A l’audience du 06 mai 2025, l’ASL [G] [L], représentée par son avocat, a demandé de :
compléter la mission d’expertise en y ajoutant le chef suivant : « déterminer au regard du projet de rénovation de l’ALS [G] [L] le montant prévisible des travaux à la date de conclusion du contrat de promotion immobilière entre l’ASL [G] [L] et la société ARCITIS ; déterminer si la société ARCITIS a correctement chiffré les travaux de rénovation et constater, le cas échéant, le dépassement de prix » ;
mettre les dépens à la charge du trésor public.
Les parties défenderesses n’ont formulé aucune observation quant à la demande.
A l’issue de l’audience, les parties ont été informées de la mise en délibéré de la décision à la date du 1er juillet 2025, par mise à disposition au greffe.
Le délibéré a été prorogé au 08 juillet 2025.
MOTIFS DE LA DECISION
L’article 463 du code de procédure civile dispose : « La juridiction qui a omis de statuer sur un chef de demande peut également compléter son jugement sans porter atteinte à la chose jugée quant aux autres chefs, sauf à rétablir, s’il y a lieu, le véritable exposé des prétentions respectives des parties et de leurs moyens.
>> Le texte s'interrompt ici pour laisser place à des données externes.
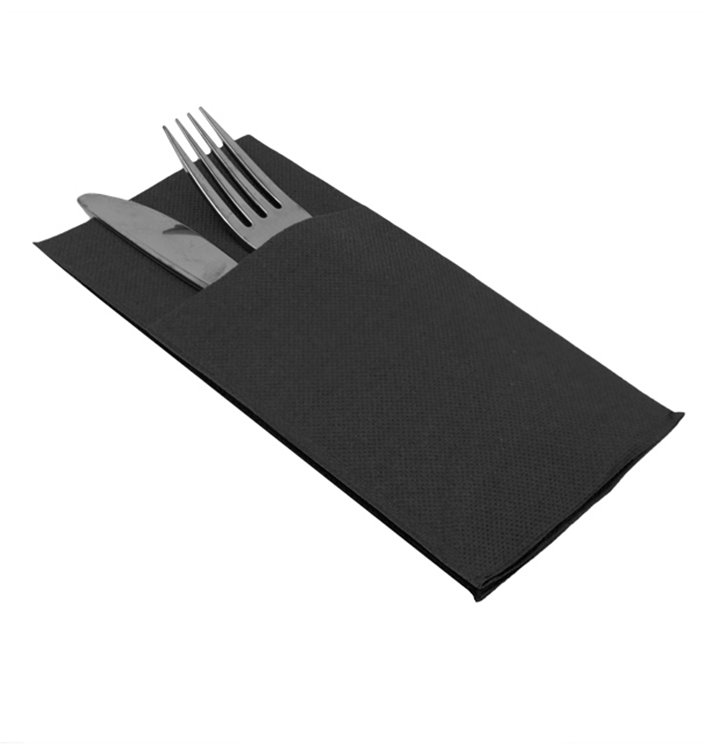 Tovagliolo Portaposate di Carta Micro Point 40x40cm Nero (30 Pezzi) Tovagliolo Portaposate di Carta Micro Point 40x40cm Nero (30 Pezzi)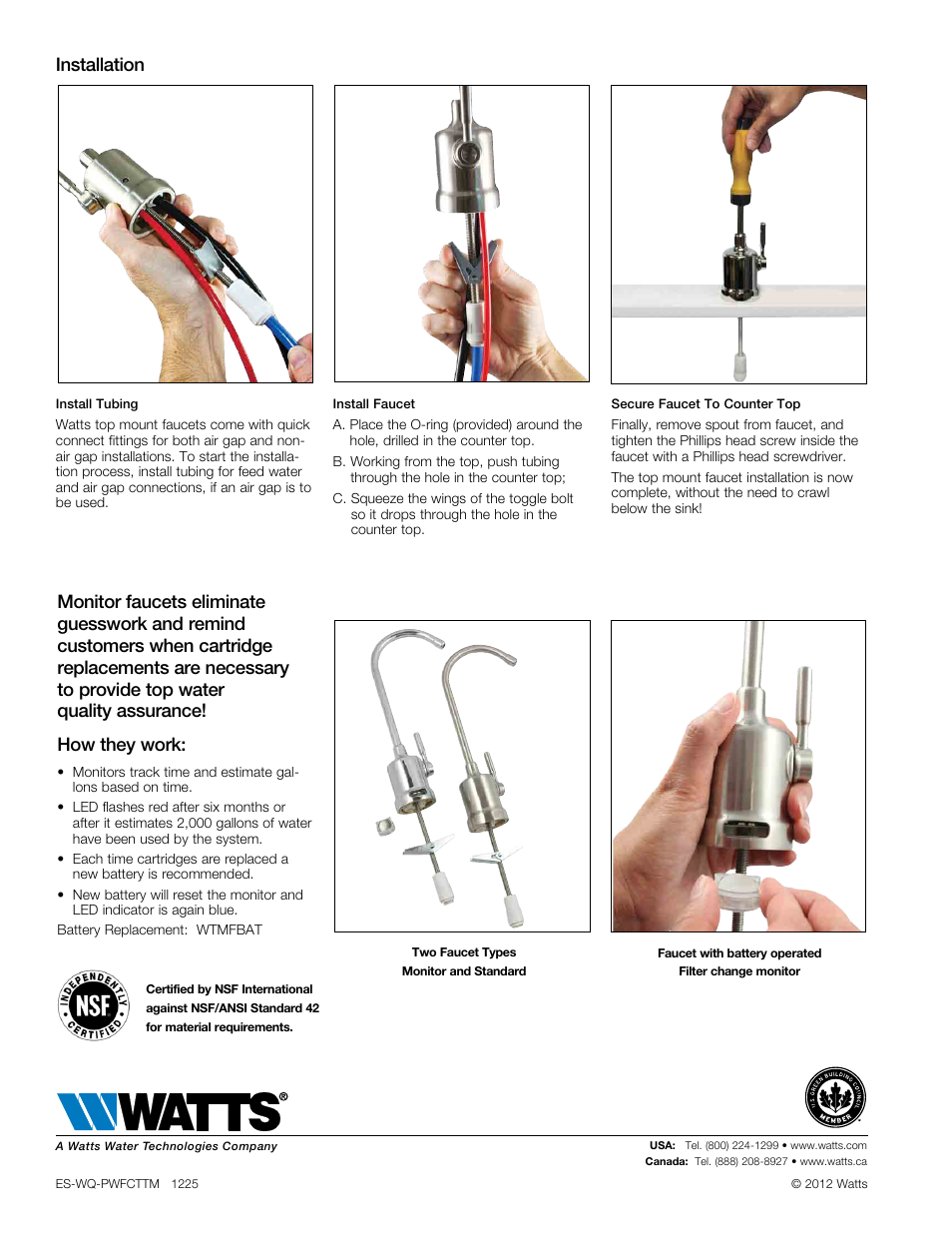 Installation | Watts PWFCTTM User Manual | Page 2 / 2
La demande doit être présentée un an au plus tard après que la décision est passée en force de chose jugée ou, en cas de pourvoi en cassation de ce chef, à compter de l’arrêt d’irrecevabilité.
Le juge est saisi par simple requête de l’une des parties, ou par requête commune. Il statue après avoir entendu les parties ou celles-ci appelées.
La décision est mentionnée sur la minute et sur les expéditions du jugement. Elle est notifiée comme le jugement et donne ouverture aux mêmes voies de recours que celui-ci. »
En l’espèce, il est rappelé que le juge fixe souverainement le contenu et l’étendue de la mission de l’expert (Civ. 1, 26 novembre 1980, 79-13.870), de sorte qu’il arrête librement les termes de la mission qui lui est confiée, en rapport avec les prétentions des parties, sans être tenu de suivre les propositions qu’elles ont formulées.
Sous couvert d’une omission de statuer, l’ASL [G] [L] sollicite une extension de la mission d’expertise ordonnée, sans produire l’ordonnance de référé, ni même rappeler la mission prévue par la décision querellée.
Au demeurant, l’ASL [G] [L] n’explique pas en quoi le chef de mission sollicité serait utile, alors que le contrat de promotion immobilière est conclu à « prix convenu », de sorte qu’en cas de dépassement dudit prix, le promoteur en est personnellement débiteur, sauf faute du maître d’ouvrage qu’il appartient alors au promoteur de prouver.
L’impéritie de l’ASL [G] [L] dans l’exercice de la présente demande impose de lui rappeler qu’une demande abusive est susceptible de donner lieu à une amende civile.
Par conséquent, il sera dit n’y avoir lieu à compléter l’ordonnance du 11 mars 2025.
PAR CES MOTIFS
Nous, juge des référés, statuant publiquement, par ordonnance provisoire rendue en premier ressort, contradictoire et mise à disposition au greffe,
DISONS n’y avoir lieu à compléter l’ordonnance de référé du 11 mars 2025 (RG 24/01564) ;
CONDAMNONS l’ASL [G] [L] aux entiers dépens ;
RAPPELONS que la présente décision est, de droit, exécutoire à titre provisoire.
Fait à [Localité 9], le 08 juillet 2025.